A tale of utilization vs performance

I once worked on a SaaS product that’s typical of a lot of B2B and niche B2C products.  It had a userbase in the thousands or tens of thousands, and provided business functions that involved heavyweight, complex workflows.  Not many users, lots of compute.  I would say that this is the norm for line of business applications, outside of the industry rockstars that are in the news all the time.

We didn’t need docker.  Docker’s claim to fame is that it’s lightweight.  Once you deploy a multi-gigabyte JVM app that can keep lots of cores busy, it really doesn’t matter if you’ve deployed it onto a VM or a container.  The host overhead is in the noise.   In a containers-on-VMs scenario, no VM is ever going to run more than one instance of the container, so the container layer is just management and skillset overhead.

We didn’t need autoscaling.  This application could keep a server farm busy, but it really only needed the one server farm.  It was easily sharded, if we did hit those limits.  It wasn’t bursty, and it used enough queuing that it could handily absorb the bursts that did happen.

We didn’t need Kubernetes because we didn’t need docker or autoscaling.  Again, unnecessary overhead in skillset and tooling.

We didn’t need these things because we weren’t twitter.  We weren’t even one micro-twitter (if that’s a unit of scale).  We might have got to one million users total, eventually (although I don’t think they ever did). We weren’t ever going to get to one million users a month, let alone a day.

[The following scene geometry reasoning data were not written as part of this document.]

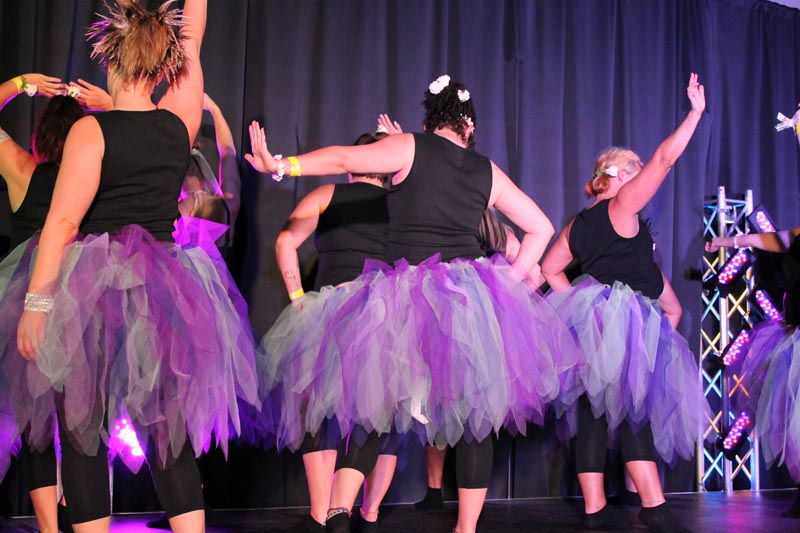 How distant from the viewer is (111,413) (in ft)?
7.29

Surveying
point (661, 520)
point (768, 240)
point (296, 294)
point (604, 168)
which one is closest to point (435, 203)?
point (296, 294)

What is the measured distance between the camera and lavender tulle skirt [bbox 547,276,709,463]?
11.9 feet

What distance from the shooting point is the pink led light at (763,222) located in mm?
5543

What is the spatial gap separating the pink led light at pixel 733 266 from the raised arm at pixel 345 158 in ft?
10.4

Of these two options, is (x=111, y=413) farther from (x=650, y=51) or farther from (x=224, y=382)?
(x=650, y=51)

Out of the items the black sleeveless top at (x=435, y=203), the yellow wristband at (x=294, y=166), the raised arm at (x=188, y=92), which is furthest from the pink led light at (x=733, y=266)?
the raised arm at (x=188, y=92)

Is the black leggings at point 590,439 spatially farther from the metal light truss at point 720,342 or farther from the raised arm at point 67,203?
the raised arm at point 67,203

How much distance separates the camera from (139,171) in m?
2.33

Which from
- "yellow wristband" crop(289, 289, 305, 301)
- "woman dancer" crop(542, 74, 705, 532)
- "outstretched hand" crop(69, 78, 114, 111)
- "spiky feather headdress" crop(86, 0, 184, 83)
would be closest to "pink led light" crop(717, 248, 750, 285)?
"woman dancer" crop(542, 74, 705, 532)

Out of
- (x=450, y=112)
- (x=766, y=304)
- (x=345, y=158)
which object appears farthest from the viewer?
(x=766, y=304)

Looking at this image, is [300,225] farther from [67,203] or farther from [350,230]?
[67,203]

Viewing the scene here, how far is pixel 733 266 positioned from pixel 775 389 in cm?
155

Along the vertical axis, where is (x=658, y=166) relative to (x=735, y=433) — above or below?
above

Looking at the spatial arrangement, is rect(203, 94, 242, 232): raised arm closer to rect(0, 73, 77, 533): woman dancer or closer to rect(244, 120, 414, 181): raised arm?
rect(0, 73, 77, 533): woman dancer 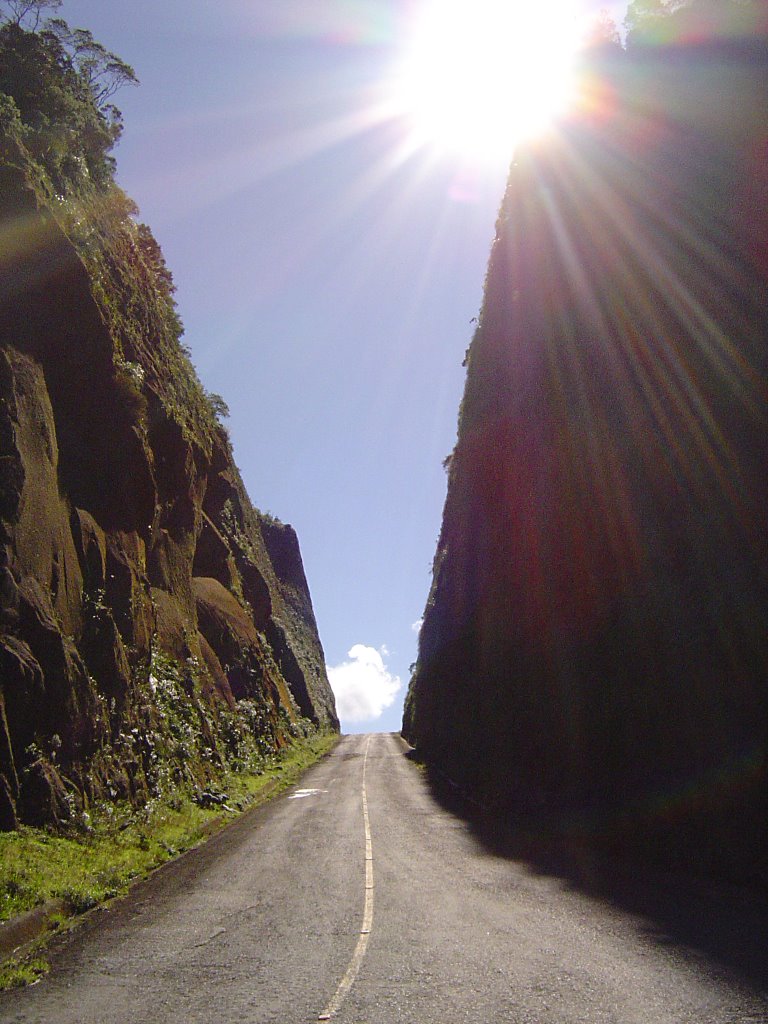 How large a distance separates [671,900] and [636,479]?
30.9 feet

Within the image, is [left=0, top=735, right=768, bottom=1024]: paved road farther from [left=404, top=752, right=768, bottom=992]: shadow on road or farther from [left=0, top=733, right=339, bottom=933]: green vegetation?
[left=0, top=733, right=339, bottom=933]: green vegetation

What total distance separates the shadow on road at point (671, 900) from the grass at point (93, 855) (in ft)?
18.3

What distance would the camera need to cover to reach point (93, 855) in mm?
11836

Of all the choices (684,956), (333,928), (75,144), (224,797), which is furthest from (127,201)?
(684,956)

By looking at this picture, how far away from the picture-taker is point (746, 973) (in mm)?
6059

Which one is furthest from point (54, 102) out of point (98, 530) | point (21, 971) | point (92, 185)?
point (21, 971)

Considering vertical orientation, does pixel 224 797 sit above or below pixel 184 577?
below

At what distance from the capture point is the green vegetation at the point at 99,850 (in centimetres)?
932

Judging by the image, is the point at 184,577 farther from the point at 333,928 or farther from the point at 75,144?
the point at 333,928

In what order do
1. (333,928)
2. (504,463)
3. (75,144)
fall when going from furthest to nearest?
(504,463), (75,144), (333,928)

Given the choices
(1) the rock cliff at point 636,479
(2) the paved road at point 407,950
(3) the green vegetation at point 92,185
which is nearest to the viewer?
(2) the paved road at point 407,950

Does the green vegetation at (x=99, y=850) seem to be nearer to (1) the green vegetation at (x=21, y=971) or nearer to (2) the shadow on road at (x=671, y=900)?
(1) the green vegetation at (x=21, y=971)

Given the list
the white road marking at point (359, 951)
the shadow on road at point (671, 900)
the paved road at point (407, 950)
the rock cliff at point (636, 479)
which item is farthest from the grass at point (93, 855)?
the rock cliff at point (636, 479)

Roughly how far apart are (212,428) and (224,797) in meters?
17.5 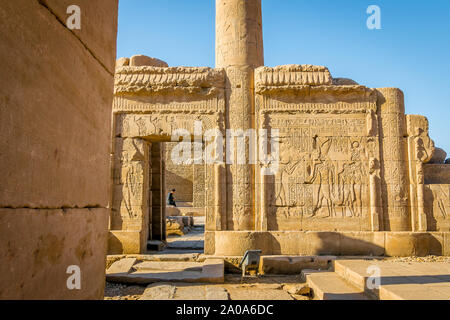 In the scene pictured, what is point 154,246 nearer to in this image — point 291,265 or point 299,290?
point 291,265

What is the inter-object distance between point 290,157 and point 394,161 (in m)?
2.37

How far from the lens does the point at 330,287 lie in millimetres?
5031

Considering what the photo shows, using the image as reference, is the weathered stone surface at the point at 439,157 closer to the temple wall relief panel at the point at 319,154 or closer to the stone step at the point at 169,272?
the temple wall relief panel at the point at 319,154

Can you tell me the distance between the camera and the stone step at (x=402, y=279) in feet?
12.7

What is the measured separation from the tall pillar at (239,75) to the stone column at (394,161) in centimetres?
300

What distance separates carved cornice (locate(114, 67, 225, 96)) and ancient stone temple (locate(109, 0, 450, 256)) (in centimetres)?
2

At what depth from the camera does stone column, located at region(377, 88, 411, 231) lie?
25.1 ft

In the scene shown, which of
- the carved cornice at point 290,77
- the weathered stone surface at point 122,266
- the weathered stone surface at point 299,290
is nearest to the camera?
the weathered stone surface at point 299,290

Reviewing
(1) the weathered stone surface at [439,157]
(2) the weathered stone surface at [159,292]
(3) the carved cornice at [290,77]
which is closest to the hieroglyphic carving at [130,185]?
(2) the weathered stone surface at [159,292]

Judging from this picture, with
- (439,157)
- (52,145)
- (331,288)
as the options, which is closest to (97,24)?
(52,145)

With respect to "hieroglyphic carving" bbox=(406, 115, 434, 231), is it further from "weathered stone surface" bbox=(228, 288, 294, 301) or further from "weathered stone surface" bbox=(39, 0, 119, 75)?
"weathered stone surface" bbox=(39, 0, 119, 75)

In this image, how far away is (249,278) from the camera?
6.39 m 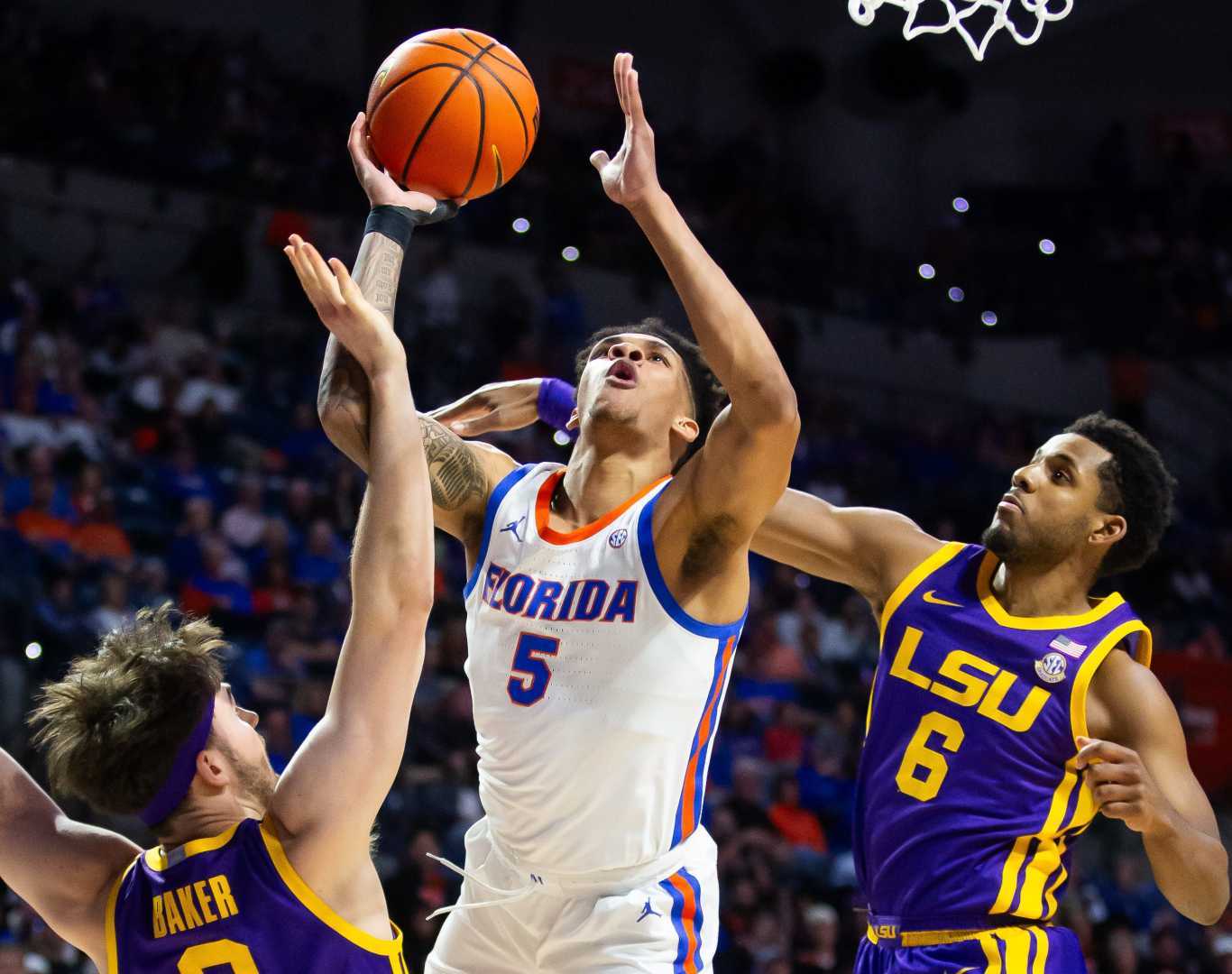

We did have performance problems.  Of course we did.  They were caused by bad SQL and bad algorithms.  We know those were the causes, because we could see the issues staring us in the face.  Every time we did a PoC optimisation exercise, we could easily find improvements of multiple orders of magnitude.  But we never committed to regression testing those and getting them through to production.

Instead, we addressed our performance problems by spending so much on infrastructure that we could have hired two or three more developers.  You have to buy a lot of infrastructure to make your application 1000 times faster.  We settled for a bit less than that.

But it didn’t matter how fast or slow our application was, because we fixated on utilization.  The faster we made our application, the worse our utilization looked.  To a server admin, an average CPU utilization of 20% looks like a healthy server.  To an accountant, it looks like an 80% cost saving waiting to be had.

So we took our slow, unoptimized application, and moved it to docker and Kubernetes.  We didn’t get our extra developers, so we never got to optimize at all.  We took a big hit in training and migration, so productivity dipped.  Reliability got worse for a while, because we made some mistakes in ops.  And our application still had performance problems, because any one request by any one user was still running massively underperforming algorithms and overwhelming the database with unoptimisable queries and deadlocks.

However, our utilization figures were immaculate.  As for the performance issues: when I left, they were talking about putting those bad algorithms into lambdas.